Le grand absent de ce texte est la population

Monsieur le président, monsieur le secrétaire d’État, mes chers collègues, dès le début de la discussion sur ce projet, nous avions fait part de nos critiques et de nos remarques, notamment sur la méthode employée. Cette méthode a effectivement conduit à privilégier, d’abord, une réflexion sur des périmètres plutôt que sur le fond des choses, à savoir les raisons et les objectifs qui nous conduisaient à revoir ce découpage des régions.

Car s’il est légitime de vouloir éventuellement modifier l’organisation territoriale, cette réforme doit bien évidemment s’accompagner d’une amélioration de la vie de nos concitoyens.
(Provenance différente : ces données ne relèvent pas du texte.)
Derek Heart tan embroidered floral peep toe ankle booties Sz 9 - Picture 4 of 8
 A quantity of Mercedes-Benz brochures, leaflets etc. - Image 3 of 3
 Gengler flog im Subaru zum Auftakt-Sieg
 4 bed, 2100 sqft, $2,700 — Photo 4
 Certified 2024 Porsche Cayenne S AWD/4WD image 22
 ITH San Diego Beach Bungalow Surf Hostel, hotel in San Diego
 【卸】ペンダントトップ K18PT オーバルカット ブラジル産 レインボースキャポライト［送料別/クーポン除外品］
Ce point est pour nous très important et il convient, en particulier, de veiller à ce que ces nouvelles régions puissent contribuer à réduire les inégalités sociales et territoriales.

Or le seul projet qui nous a été proposé – à cet égard, on peut parler d’absence de vision, comme l’ont souligné des orateurs de différents bords politiques – était fondé sur l’argument d’une attractivité accrue pour de grandes régions, dont la puissance allait permettre de résoudre les problèmes. Or nous savons bien qu’il n’en est rien. Si je prends l’exemple de la région Île-de-France, sans doute la région la plus puissante de notre pays, mais aussi l’une des plus puissantes d’Europe, c’est aussi la région où les inégalités sociales et territoriales sont les plus criantes – et, malheureusement, ces inégalités continuent de se creuser.

La taille et la puissance ne règlent dont pas tous les problèmes. Il faut aussi considérer le projet politique et les moyens qui lui sont associés, qui seuls permettent de corriger les choses plus en profondeur.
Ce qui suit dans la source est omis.